OpenLexer

OpenLexer is a lexer and parser generator written in Rust. It reads .l (Flex-compatible) and .y (Bison-compatible) specification files and generates lexers and parsers in C, Java, or Python.

Components

  • Lexer Generator: Converts regular expression patterns to DFA-based lexers using Thompson construction and subset construction algorithms.
  • Parser Generator: Builds LALR(1) parsing tables from context-free grammars.
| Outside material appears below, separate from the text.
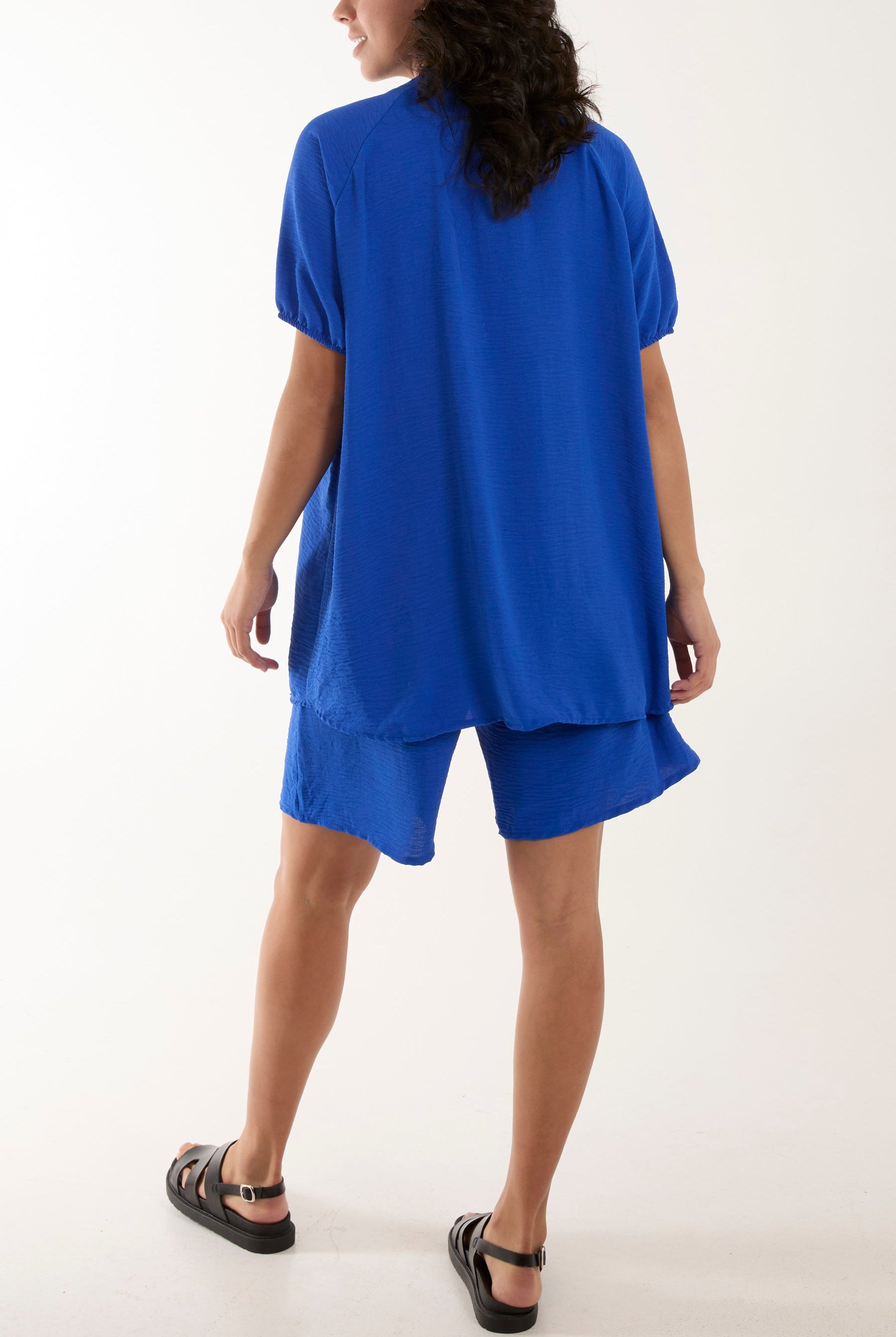 Short Sleeve Buttoned Collar Top & Short Sets WearAll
Supports GLR parsing for ambiguous grammars.
  • Code Generation: Outputs standalone lexer and parser code in C, Java, or Python.

Supported Platforms

  • Windows (x64)
  • Linux (x64, ARM64)
  • macOS (x64, ARM64)

File Formats

OpenLexer uses the standard Flex/Bison file formats:

  • .l files: Lexer specifications with regex patterns and actions
  • .y files: Grammar specifications with production rules and semantic actions

Basic Usage

# Generate a Python lexer from calc.l
openlexer gen-lexer --lexer calc.l --lang python --output ./

# Generate a Java parser from calc.y 
openlexer gen-parser --parser calc.y --lang java --output ./

# For Java: compile and run
javac Lexer.java Parser.java
java Parser "3 + 4 * 2"

Key Features

  • Smart File Organization: Generated code follows language-specific best practices
    • Java: One public class per file, automatic lexer detection
    • C: Flexible compilation with preprocessor controls
    • Python: Module-based imports
  • Complete Integration: Lexer and parser work seamlessly together
  • Standalone or Combined: Each component can work independently or together
  • Built-in Test Drivers: Generated code includes test scaffolding

Documentation Structure

License

MIT License